Of Council

Change in Investment Fee Reporting Was Overdue

by Ken Eaton


Any move toward additional transparency will ultimately benefit the investor.

 

As with any product or service, there is a cost associated with the administration and investment of 401(k) and 403(b) plan assets, and those who provide such services are entitled to a fair profit. Until recently, however, it was nearly impossible for a 401(k) or 403(b) plan sponsor or participant to determine how much he was paying for retirement plan administration.

There was no requirement for disclosure of the complex revenue-sharing deals made between the service provider and the investment managers, or any other compensation arrangements, for that matter. To address that issue, the Department of Labor issued regulations 408(b)(2) and 404(a)(5).

Taken together, the regulations mandate a new level of transparency in retirement plan fees and investment options. Regulation 408(b)(2), which took effect on July 1, requires all plan vendors to disclose all direct and indirect fees that they receive as payment for their services. Regulation 404(a)(5), which takes effect on Aug. 30, requires plan sponsors to give plan participants detailed information about the plan, its investment options, and its fees, before they enroll in the plan and annually thereafter. Additionally, their quarterly statements must contain a breakdown of the fees that were actually charged to their accounts over the past quarter.

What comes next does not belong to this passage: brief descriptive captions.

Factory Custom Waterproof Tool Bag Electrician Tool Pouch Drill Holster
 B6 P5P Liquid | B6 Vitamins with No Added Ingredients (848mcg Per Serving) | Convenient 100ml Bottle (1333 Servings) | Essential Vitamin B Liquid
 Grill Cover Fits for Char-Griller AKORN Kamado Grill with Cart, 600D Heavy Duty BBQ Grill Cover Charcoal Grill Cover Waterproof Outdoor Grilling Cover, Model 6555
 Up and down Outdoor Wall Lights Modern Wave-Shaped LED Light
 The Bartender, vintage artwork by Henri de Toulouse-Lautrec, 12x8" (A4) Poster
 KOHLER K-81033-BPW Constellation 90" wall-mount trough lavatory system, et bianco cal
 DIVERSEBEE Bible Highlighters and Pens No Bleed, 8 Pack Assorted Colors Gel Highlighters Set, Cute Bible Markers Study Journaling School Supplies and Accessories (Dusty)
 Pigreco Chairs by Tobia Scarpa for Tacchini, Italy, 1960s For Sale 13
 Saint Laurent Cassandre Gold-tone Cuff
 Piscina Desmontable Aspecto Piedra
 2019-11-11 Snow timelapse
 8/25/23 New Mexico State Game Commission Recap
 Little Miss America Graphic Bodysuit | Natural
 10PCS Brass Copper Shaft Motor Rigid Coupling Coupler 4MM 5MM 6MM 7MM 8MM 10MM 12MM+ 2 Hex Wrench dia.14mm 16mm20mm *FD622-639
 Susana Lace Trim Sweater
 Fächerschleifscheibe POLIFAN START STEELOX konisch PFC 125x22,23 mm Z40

In an industry built on opaque compensation structures, any attempt at greater transparency is a step in the right direction. Plan sponsors should now be able to compare and contrast the true costs of their plans, the drain of those costs on the performance of related investments, and the potential conflicts of interest associated with indirect fees that the vendor receives.

Similarly, with more information, plan participants should be able to take greater control of their own accounts and make more sound investment decisions. Additionally, the disclosure of fees to both sponsors and participants is likely to spur competition in the industry, resulting in lower overall costs and higher quality.

Of course, there are costs associated with these benefits, especially for plan sponsors, most of whom are small business owners. Most important, regulation 408(b)(2) specifically requires plan sponsors to assess the reasonableness of their plan’s fees, going so far as to call it a fiduciary duty. Unfortunately, the Department of Labor did not establish requirements, or even guidelines, for plan vendors regarding how to disclose their fees.

Therefore, disclosure statements could be 20 pages long and require a degree in advanced mathematics to decipher, yet still meet the requirements of the regulation. Additionally, to assess reasonableness, one would have to compare the costs of the current plan to those of other plans. Already, some firms are advertising professional assessment services, anticipating that many small employers would prefer to outsource this responsibility.

On the other hand, Labor officials are very specific about the format of the information that plan sponsors must supply to participants. For instance, investment expenses must be expressed as both a percentage and a dollar amount per thousand, statements must include the actual dollar amount of plan-related expenses actually charged to individual accounts, and all investment options must be presented in a chart designed for easy comparison to each other and to index benchmarks.

Plan sponsors are allowed to rely on their plan providers to compile this information, but they are also required to ensure that their plans are compliant with the new rules.

With fees now front and center on a participant’s account statement, plan sponsors should brace themselves for questions. If fees are charged on a per-account basis, someone with a small account balance may want to know why his charge is the same as that for someone with a larger balance. Conversely, if fees are charged on a percentage basis, the person with larger account may want to know why her account is shouldering so much of the administrative fee load. Some people may just be surprised at the true cost of their plans.

As the plan sponsor, it will be your job to help your employees understand that the benefits of saving in a retirement plan, including tax-deferral, employer contributions, and, ultimately, self-sufficiency, still far outweigh the costs.

Ken Eaton is a principal for Stepp & Rothwell, a wealth-management firm based in Overland Park, Kan.